> [HOW TO COMPLETE THIS TASK] Your task is to repeat exactly the lines from the one with "Hot Pink Y2K" through the end of the records, both included; please leave the pictures out.

> [PROVIDED RECORDS]
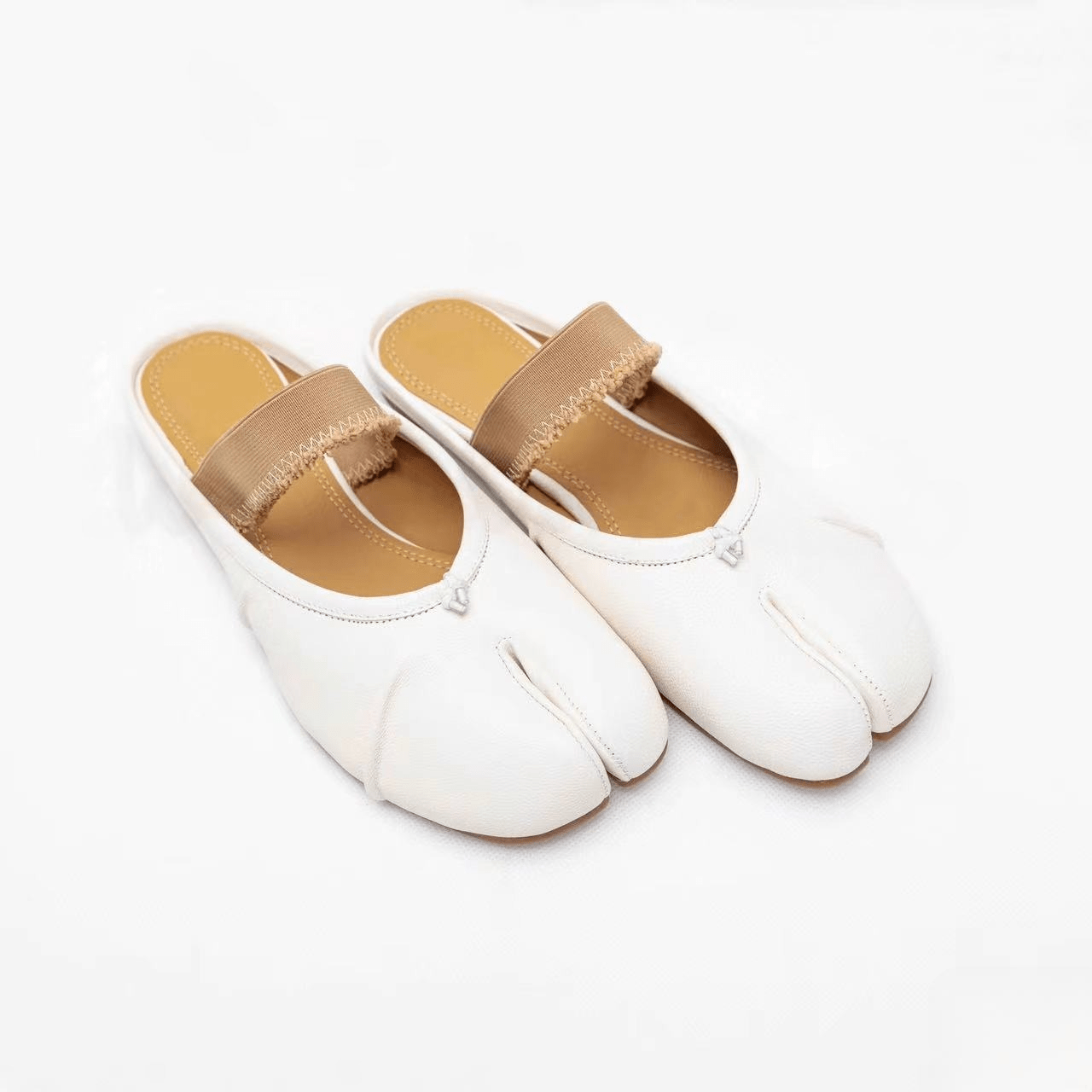 White Leather Tabi Ballerina Mules - Sofia Romano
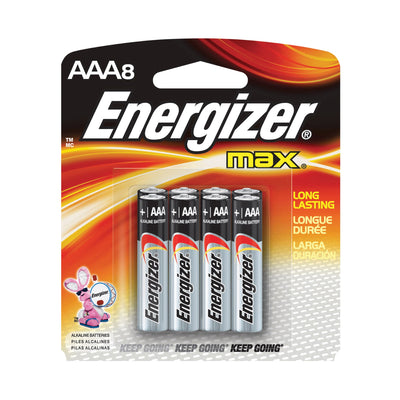 Energizer Max 8 Pack AAA 1.5V Alkaline Batteries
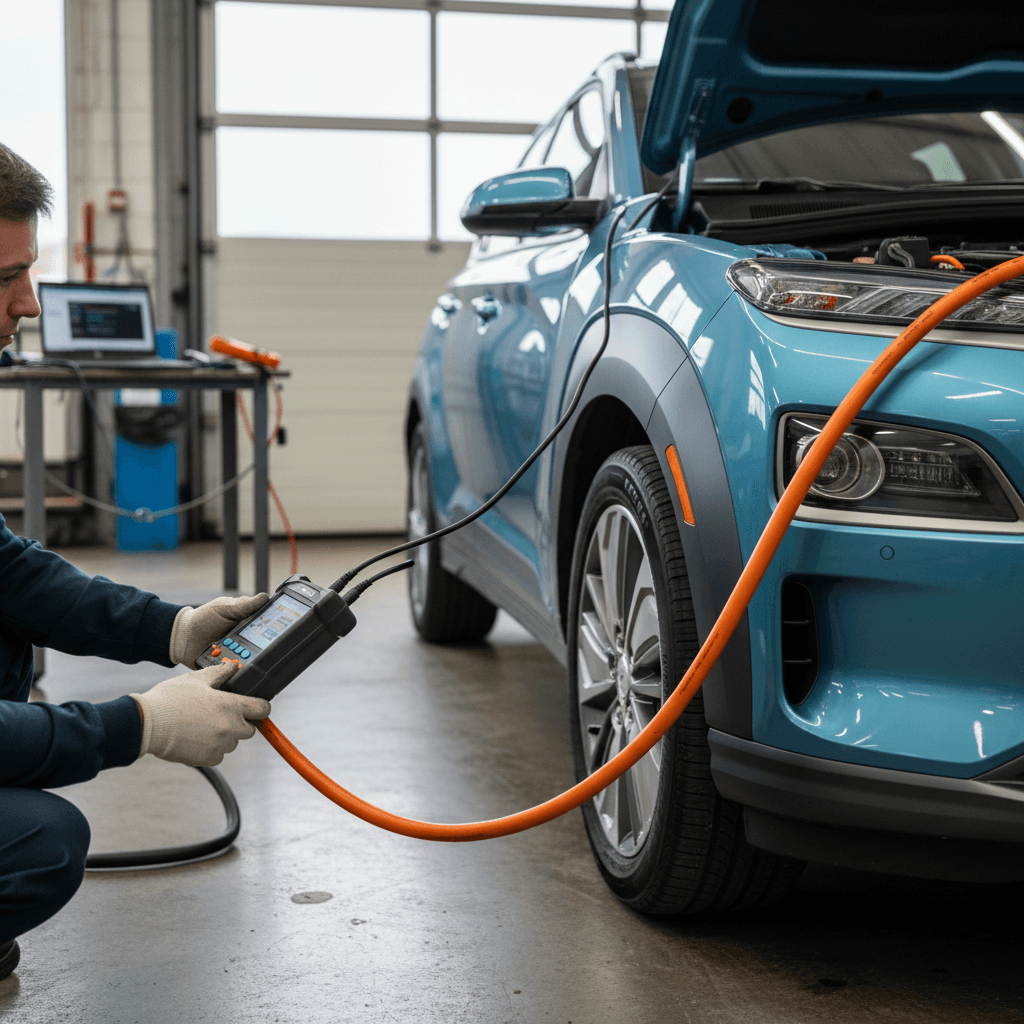 Technician using diagnostic equipment to check high-voltage battery health on a 2021 Hyundai Kona Electric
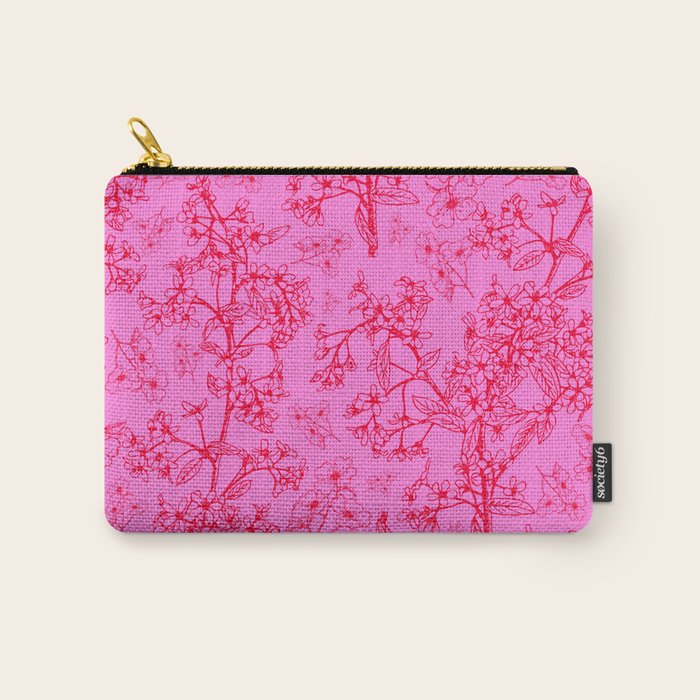 Hot Pink Y2K Grasmere Garden Vintage Modern Floral Botanical Pattern  Carry All Pouch Gallery Image 1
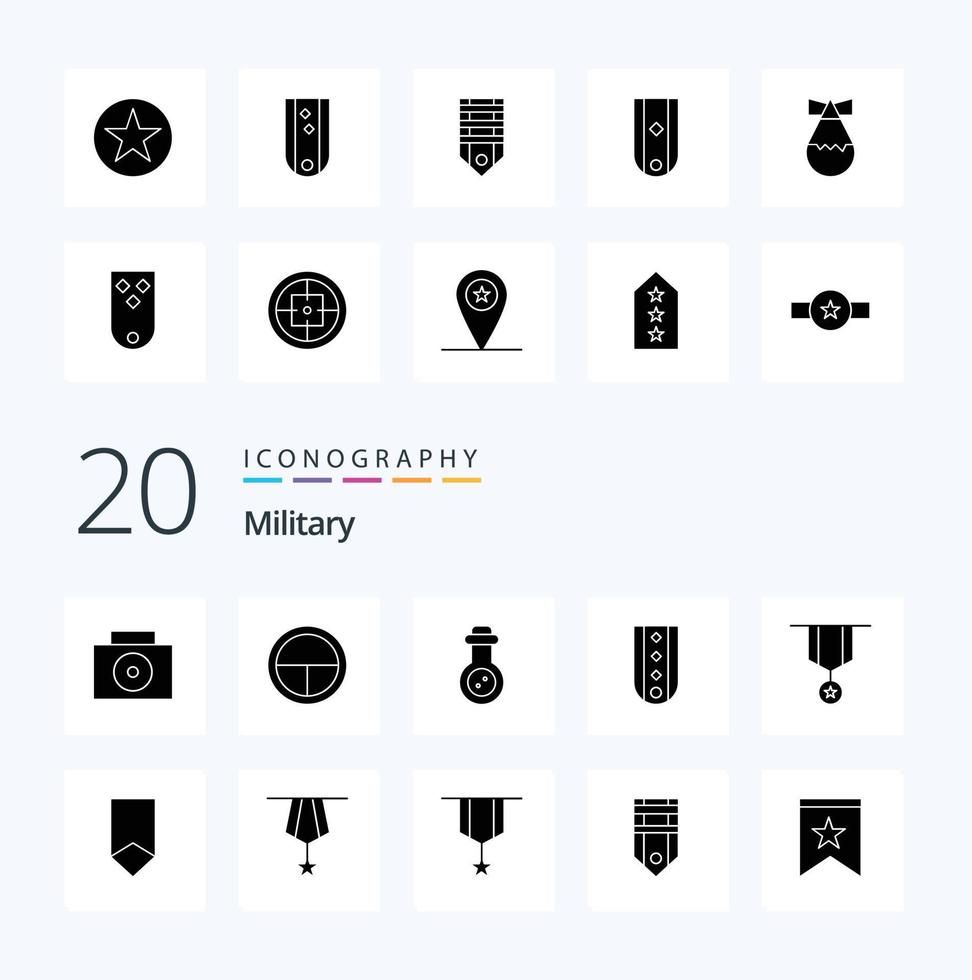 20 Military Solid Glyph icon Pack like rank insignia tube diamonds insignia vector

> [EXERCISE ANSWER]
 Hot Pink Y2K Grasmere Garden Vintage Modern Floral Botanical Pattern  Carry All Pouch Gallery Image 1
 20 Military Solid Glyph icon Pack like rank insignia tube diamonds insignia vector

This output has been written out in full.